Cai Bingjing, Wang Haiying, Zheng Huiru, Wang Hui
School of Computing and Mathematics, Computer Sciences Research Institute, University of Ulster, N. Ireland, BT37 0QB, UK.
BMC Syst Biol. 2012;6 Suppl 3(Suppl 3):S4. doi: 10.1186/1752-0509-6-S3-S4. Epub 2012 Dec 17.
Recent advances in molecular biology have led to the accumulation of large amounts of data on protein-protein interaction networks in different species. An important challenge for the analysis of these data is to extract functional modules such as protein complexes and biological processes from networks which are characterised by the present of a significant number of false positives.

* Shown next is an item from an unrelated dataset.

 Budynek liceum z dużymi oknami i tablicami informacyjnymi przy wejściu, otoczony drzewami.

Various computational techniques have been applied in recent years. However, most of them treat protein interaction as binary. Co-complex relations derived from affinity purification/mass spectrometry (AP-MS) experiments have been largely ignored.

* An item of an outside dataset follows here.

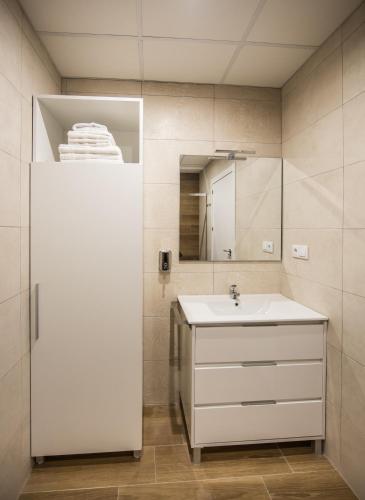 a bathroom with a white sink and a mirror at Apartamentos Ciudad del Cava in Almendralejo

This paper presents a new algorithm for detecting protein complexes from AP-MS data. The algorithm intends to detect groups of prey proteins that are significantly co-associated with the same set of bait proteins. We first construct AP-MS data as a bipartite network, where one set of nodes consists of bait proteins and the other set is composed of prey proteins. We then calculate pair-wise similarities of bait proteins based on the number of their commonly shared neighbours. A hierarchical clustering algorithm is employed to cluster bait proteins based on the similarities and thus a set of 'seed' clusters is obtained. Starting from these 'seed' clusters, an expansion process is developed to identify prey proteins which are significantly associated with the same set of bait proteins. Then, a set of complete protein complexes is derived. In application to two real AP-MS datasets, we validate biological significance of predicted protein complexes by using curated protein complexes and well-characterized cellular component annotation from Gene Ontology (GO). Several statistical metrics have been applied for evaluation.
Experimental results show that, the proposed algorithm achieves significant improvement in detecting protein complexes from AP-MS data. In comparison to the well-known MCL algorithm, our algorithm improves the accuracy rate by about 20% in detecting protein complexes in both networks and increases the F-Measure value by about 50% in Krogan_2006 network. Greater precision and better accuracy have been achieved and the identified complexes are demonstrated to match well with existing curated protein complexes.
Our study highlights the significance of taking co-complex relations into account when extracting protein complexes from AP-MS data. The algorithm proposed in this paper can be easily extended to the analysis of other biological networks which can be conveniently represented by bipartite graphs such as drug-target networks.
分子生物学的最新进展使得不同物种中蛋白质-蛋白质相互作用网络的大量数据得以积累。分析这些数据面临的一个重要挑战是从存在大量假阳性的网络中提取诸如蛋白质复合物和生物过程等功能模块。近年来已应用了各种计算技术。然而,它们大多将蛋白质相互作用视为二元关系。源自亲和纯化/质谱(AP-MS)实验的共复合物关系在很大程度上被忽视了。
本文提出了一种从AP-MS数据中检测蛋白质复合物的新算法。该算法旨在检测与同一组诱饵蛋白显著共关联的猎物蛋白组。我们首先将AP-MS数据构建为一个二分网络,其中一组节点由诱饵蛋白组成,另一组由猎物蛋白组成。然后,我们根据诱饵蛋白共同拥有的邻居数量计算它们之间的成对相似度。采用层次聚类算法基于这些相似度对诱饵蛋白进行聚类,从而得到一组“种子”簇。从这些“种子”簇开始,开发一个扩展过程来识别与同一组诱饵蛋白显著相关的猎物蛋白。然后,得到一组完整的蛋白质复合物。在应用于两个真实的AP-MS数据集时,我们通过使用经过整理的蛋白质复合物和来自基因本体(GO)的特征明确的细胞成分注释来验证预测蛋白质复合物的生物学意义。应用了几种统计指标进行评估。
实验结果表明,所提出的算法在从AP-MS数据中检测蛋白质复合物方面取得了显著改进。与著名的MCL算法相比,我们的算法在检测两个网络中的蛋白质复合物时,准确率提高了约20%,在Krogan_2006网络中F-Measure值提高了约50%。实现了更高的精度和更好的准确性,并且所识别的复合物与现有的经过整理的蛋白质复合物匹配良好。
我们的研究强调了在从AP-MS数据中提取蛋白质复合物时考虑共复合物关系的重要性。本文提出的算法可以很容易地扩展到其他可以方便地用二分图表示的生物网络的分析,如药物-靶标网络。